Seria muito importante, mas quem trabalha com prevenção não acredita que um único método, mesmo uma vacina, seja suficiente. Não se pretende aqui substituir o preservativo. Falamos sempre em prevenção combinada.

Como anda atualmente o número de novas infecções por HIV no país?

Os dados mais recentes mostram que houve 44 mil novos casos em 2015. A epidemia está aumentando, com certeza. E o Brasil responde por 40% dos novos casos de HIV na América Latina.

No continente americano, onde exatamente o estudo será realizado?

Ele será feito em 19 centros dos EUA, quatro do Peru e um do Brasil, que é o da Fiocruz, no Rio de Janeiro.

Por que só um no Brasil?

Porque era importante ter um laboratório com certa estrutura para esse estudo e se achou melhor fazer só aqui.

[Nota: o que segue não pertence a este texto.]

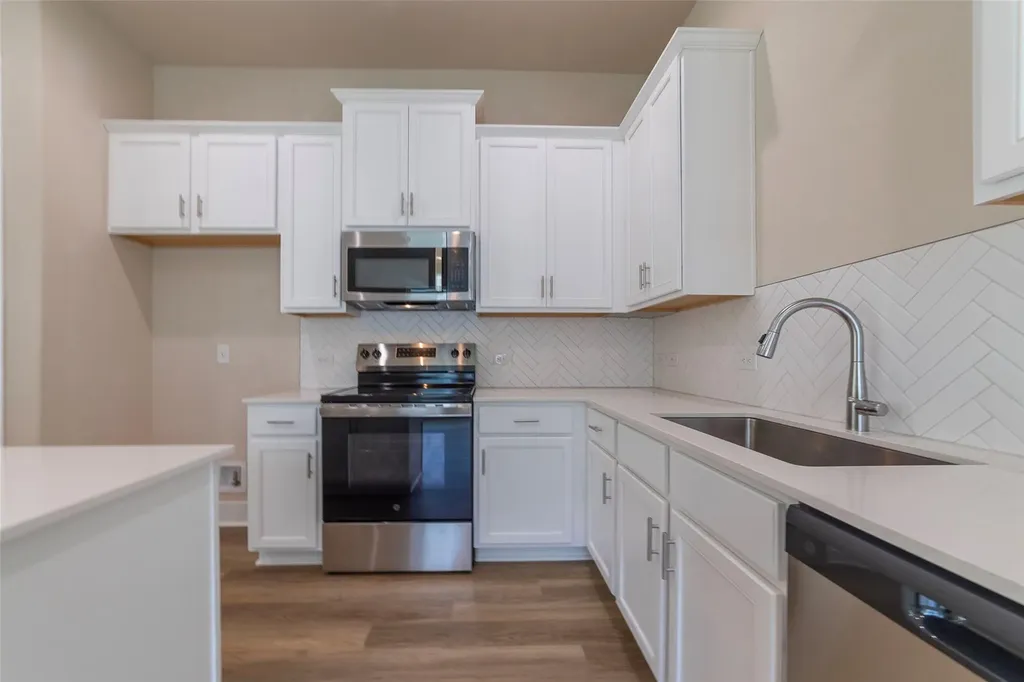 627 Birch Lane Cottonwood Shores TX 78657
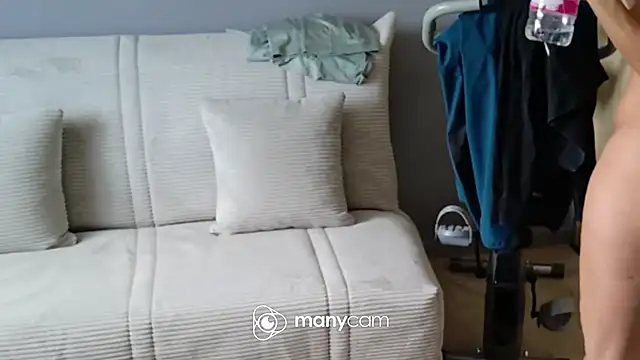 lolacharlyxh online show from September 29, 2025, 2:34 pm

Até quando a Fiocruz receberá voluntários?

Começaremos a receber em março, e nossa meta é chegar aos cem voluntários, o que deve ocorrer até setembro. Eles vão passar por uma análise, para ver se se encaixam no perfil, e os primeiros devem começar a receber o anticorpo em abril. Esta fase do estudo deve durar dois anos, período no qual os voluntários receberam a aplicação intravenosa a cada dois meses.

Que tipo de pessoa pode se voluntariar?

Precisa ter entre 18 e 50 anos e ser homem que se identifica como gay ou bissexual, e homem ou mulher que se declara travesti ou transexual. O foco são esses grupos não para alimentar o estigma sobre eles, e sim porque são eles os que, nas estatísticas, aparecem como os que mais se infectam nas Américas.

Qual será a próxima etapa?

Seguiremos para a fase 3, que definirá melhor os efeitos colaterais. A boa notícia é que esse estudo já começou em outros países, e 500 pessoas já receberam o anticorpo, sem registro de problemas. Mas é bom destacar que ainda não temos certeza se ele realmente previne o HIV, então as pessoas não devem buscar o estudo achando que estarão protegidas.